The study, “Shining a Light on the Valley of Heart’s Delight,” reveals that higher-income areas have more than twice as many large supermarkets per capita as lower-income areas. In contrast, the report shows that lower-income communities have nearly twice as many liquor stores and 50% more markets that sell an abundance of meat products; neither of these types of stores offers a variety of healthy food options, especially fresh fruits and vegetables.
“With all of the wealth in Silicon Valley, it is unacceptable that certain communities do not have access to fruits, vegetables and other healthy food alternatives,” said FEP’s Executive Director Lauren Ornelas in a statement. “Such a food injustice can lead to a host of health problems, including type-2 diabetes and obesity. That this can happen in our own backyard is inexcusable. It’s really a form of environmental racism.”
FEP found that low-income households have virtually no access to organic produce in their communities. Moreover, FEP discovered that plant-based alternatives to meat and dairy products (such as tofu, meat-free burgers and soymilk) are extremely limited in these communities, where consumers do not have the same access to large supermarkets as do consumers in higher-income communities.
“This is especially alarming when you consider that many people of color are lactose intolerant, so the lack of dairy alternatives has serious health implications,” said Ornelas. “In addition, the more that people learn about how farmed animals are treated, the more they want to avoid animal-based products in their diets.”
FEP conducted the survey in March 2009. A dozen volunteers visited Santa Clara County retail businesses, such as supermarkets and convenience stores, in both higher-income and lower-income neighborhoods to survey the residents’ access to healthy foods. FEP’s criteria for healthy foods consisted of fresh, canned, and frozen fruits and vegetables, as well as alternatives to meat and dairy products.

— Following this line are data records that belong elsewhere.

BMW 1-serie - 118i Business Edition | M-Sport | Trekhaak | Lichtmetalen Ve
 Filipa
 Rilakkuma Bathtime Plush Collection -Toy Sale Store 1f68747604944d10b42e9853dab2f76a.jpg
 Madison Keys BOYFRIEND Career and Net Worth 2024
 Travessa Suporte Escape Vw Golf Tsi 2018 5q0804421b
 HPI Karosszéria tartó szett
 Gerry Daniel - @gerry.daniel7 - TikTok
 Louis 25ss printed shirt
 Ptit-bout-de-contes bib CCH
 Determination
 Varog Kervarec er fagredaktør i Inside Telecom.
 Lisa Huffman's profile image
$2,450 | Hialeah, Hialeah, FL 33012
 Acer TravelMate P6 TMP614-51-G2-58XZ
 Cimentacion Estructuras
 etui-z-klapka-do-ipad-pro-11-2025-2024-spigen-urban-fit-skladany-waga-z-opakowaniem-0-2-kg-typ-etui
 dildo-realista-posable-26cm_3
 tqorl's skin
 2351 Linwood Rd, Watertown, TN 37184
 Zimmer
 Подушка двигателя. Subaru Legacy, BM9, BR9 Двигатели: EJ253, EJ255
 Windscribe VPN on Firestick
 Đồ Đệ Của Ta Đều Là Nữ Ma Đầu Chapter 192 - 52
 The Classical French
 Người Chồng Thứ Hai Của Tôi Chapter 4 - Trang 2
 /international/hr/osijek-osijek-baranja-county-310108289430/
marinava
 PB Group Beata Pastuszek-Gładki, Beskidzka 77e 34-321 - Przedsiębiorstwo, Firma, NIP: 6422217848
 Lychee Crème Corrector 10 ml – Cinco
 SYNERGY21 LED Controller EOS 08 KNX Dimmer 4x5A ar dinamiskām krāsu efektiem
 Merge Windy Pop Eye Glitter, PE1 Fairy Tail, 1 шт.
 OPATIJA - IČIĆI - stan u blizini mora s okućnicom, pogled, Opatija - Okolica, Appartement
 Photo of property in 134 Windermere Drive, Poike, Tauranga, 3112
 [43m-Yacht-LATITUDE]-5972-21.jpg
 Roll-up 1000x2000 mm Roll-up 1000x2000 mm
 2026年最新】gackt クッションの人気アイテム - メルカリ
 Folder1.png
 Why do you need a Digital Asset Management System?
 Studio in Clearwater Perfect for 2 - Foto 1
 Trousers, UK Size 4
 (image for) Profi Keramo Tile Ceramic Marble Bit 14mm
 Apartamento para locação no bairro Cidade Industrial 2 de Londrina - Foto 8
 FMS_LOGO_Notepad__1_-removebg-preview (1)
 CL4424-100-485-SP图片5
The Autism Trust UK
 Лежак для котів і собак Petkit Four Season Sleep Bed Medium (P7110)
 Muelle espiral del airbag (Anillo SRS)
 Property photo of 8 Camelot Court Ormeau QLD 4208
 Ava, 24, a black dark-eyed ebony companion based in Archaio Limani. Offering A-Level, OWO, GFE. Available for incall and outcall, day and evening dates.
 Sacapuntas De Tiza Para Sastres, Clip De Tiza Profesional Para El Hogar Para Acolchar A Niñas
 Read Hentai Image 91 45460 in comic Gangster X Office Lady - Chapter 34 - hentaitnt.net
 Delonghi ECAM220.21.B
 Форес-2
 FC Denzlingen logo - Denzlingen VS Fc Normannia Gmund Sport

FEP believes that the problem can be fixed by policymakers and communities combining their efforts, and the group’s report covers a variety of recommendations, such as clarifying the federal North American Industry Classification System, which currently counts small retail outlets as grocery stores, even if they sell mostly alcohol and junk food. “Our goal is to work with the communities suffering the biggest food inequities,” says Ornelas. “We know that a more just food system in the U.S. is possible if everyone works together.”